Assad’s fall deals a blow to Russia and Iran, but leaves Syria’s future uncertain
Syrians are dancing in the streets of Damascus and other cities, to celebrate the collapse of the hideous regime of Bashar Assad, the man responsible for an estimated 600,000 dead in a 13-year-long civil war — including tens of thousands viciously tortured to death in his dungeons.
Those still alive have been staggering out of liberated prisons, limping and running toward family and freedom.
“This is the moment of celebration,” I was told by the University of Oklahoma’s Joshua Landis, a Syria specialist with family in the country. He told me the dispirited Syrian army had faded away and let rebels win because they had been receiving little or no pay and no further support from their Russian and Iranian backers.
That's the good news.
The not so good news: No one is certain what kind of government will follow Assad in the weeks to come — whether it will help stabilize the region, including Lebanon and possibly Gaza, or further tear it apart.
The critical news, which may save Syria from a relapse into violence: Assad’s flight to exile in Moscow is a body blow to Iran’s ayatollahs and Russian dictator Vladimir Putin, for whom Syria had critical importance. It displays their increasing weakness and paints them as losers. It makes them more vulnerable to anyone who seeks negotiations with either.
President-elect Trump, take note.
The immediate post-Assad threat is that Syria might collapse into separate militia fiefs or into another civil war. Hayat Tahrir al-Sham (known as HTS) — the main rebel group that toppled the government in a lightning advance from the north — was once the Syrian branch of al-Qaida. Its leader, Abu Mohammed al-Jolani, broke with the terrorist group several years ago and is trying to soften his image. But Syria’s many minorities will have doubts.
“Jolani's going to have to reach out to all these different Syrian communities,” said Landis, hopefully.

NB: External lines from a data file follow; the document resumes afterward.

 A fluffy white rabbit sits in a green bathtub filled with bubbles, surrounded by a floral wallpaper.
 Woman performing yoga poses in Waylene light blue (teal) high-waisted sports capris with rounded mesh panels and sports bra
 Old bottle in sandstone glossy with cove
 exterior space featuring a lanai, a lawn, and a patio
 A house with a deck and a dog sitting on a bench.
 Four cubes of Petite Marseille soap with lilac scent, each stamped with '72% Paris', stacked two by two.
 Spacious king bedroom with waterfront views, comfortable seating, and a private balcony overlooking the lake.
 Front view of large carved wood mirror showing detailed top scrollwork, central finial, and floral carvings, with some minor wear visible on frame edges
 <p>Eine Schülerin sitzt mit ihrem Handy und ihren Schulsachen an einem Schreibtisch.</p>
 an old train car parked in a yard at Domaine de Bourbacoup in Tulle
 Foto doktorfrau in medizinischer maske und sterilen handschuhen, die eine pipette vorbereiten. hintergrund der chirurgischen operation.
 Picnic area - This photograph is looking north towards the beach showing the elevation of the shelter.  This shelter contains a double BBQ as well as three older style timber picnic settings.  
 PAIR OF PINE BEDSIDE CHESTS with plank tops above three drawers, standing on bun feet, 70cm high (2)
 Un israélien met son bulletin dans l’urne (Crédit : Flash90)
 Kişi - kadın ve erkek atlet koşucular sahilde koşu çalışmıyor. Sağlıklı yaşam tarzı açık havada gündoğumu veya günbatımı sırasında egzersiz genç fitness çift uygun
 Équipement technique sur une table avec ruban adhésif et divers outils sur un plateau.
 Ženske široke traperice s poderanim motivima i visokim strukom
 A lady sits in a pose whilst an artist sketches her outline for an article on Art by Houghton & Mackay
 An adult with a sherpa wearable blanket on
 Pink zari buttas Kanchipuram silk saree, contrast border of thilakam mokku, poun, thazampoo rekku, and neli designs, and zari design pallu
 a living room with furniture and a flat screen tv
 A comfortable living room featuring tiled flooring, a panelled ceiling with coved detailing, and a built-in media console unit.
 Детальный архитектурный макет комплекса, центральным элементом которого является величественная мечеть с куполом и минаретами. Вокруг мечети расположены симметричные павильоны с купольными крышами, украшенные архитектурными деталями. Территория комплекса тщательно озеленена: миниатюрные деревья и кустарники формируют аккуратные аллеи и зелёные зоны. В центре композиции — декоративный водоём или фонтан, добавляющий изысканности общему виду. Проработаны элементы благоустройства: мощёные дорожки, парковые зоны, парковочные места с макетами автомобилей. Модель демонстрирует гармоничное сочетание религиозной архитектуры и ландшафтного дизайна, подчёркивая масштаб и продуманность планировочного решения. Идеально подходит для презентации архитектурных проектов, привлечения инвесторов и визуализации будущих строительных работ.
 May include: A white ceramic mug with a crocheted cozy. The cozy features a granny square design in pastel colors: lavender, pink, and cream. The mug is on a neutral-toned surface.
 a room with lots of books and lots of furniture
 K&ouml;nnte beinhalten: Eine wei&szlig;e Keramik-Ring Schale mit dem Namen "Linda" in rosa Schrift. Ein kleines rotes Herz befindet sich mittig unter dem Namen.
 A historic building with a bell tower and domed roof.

I still recall my last visit inside Syria in 2012, during the Arab Spring just before the heightened civil war and Islamist kidnappings made journalistic access almost impossible.
With a Syrian translator, I visited a headquarters of a group called Ahrar al-Sham, inside an abandoned school, and the aggressive hostility of the fighters was only contained when a Belgian volunteer intervened. I soon left. I also interviewed moderate, unbearded civilian fighters who had set up militias because they wanted a democracy to replace Assad’s vicious rule.
How to coalesce secular Syrians, moderate Muslims, Kurds and Christians into a government with Islamists, and whether free elections will be possible is the huge challenge Syria will face.
Yet, what gives me hope is that the Iranians and Russians will no longer be able to bend Syria to their will.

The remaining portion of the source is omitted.